• _What the exercise asks_
For the data that follows, print the line with "Serenity Kids, Ekologisk", the line with "Peluca oncologica pelo", and all lines between them, exactly as they stand. Omit pictures and add nothing.

• _Excerpted records_

------

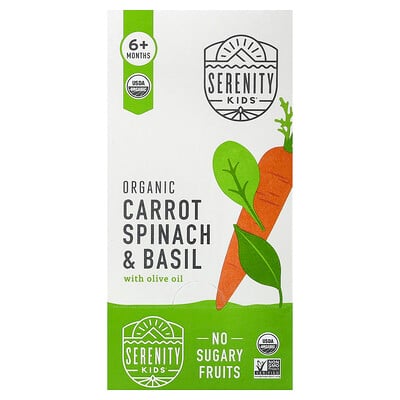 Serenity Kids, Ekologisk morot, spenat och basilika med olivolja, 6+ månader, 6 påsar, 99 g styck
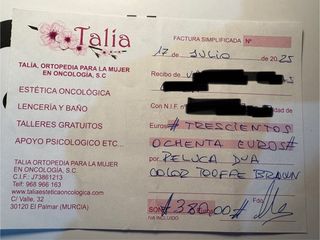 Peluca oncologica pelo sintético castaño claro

------

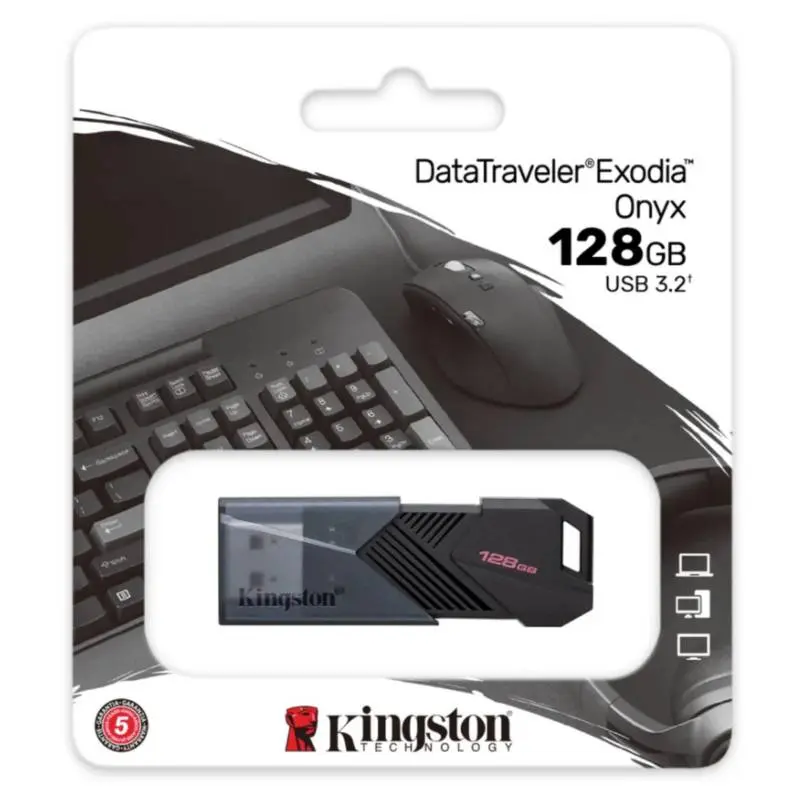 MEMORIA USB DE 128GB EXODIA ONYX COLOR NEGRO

------

• _Written solution_
 Serenity Kids, Ekologisk morot, spenat och basilika med olivolja, 6+ månader, 6 påsar, 99 g styck
 Peluca oncologica pelo sintético castaño claro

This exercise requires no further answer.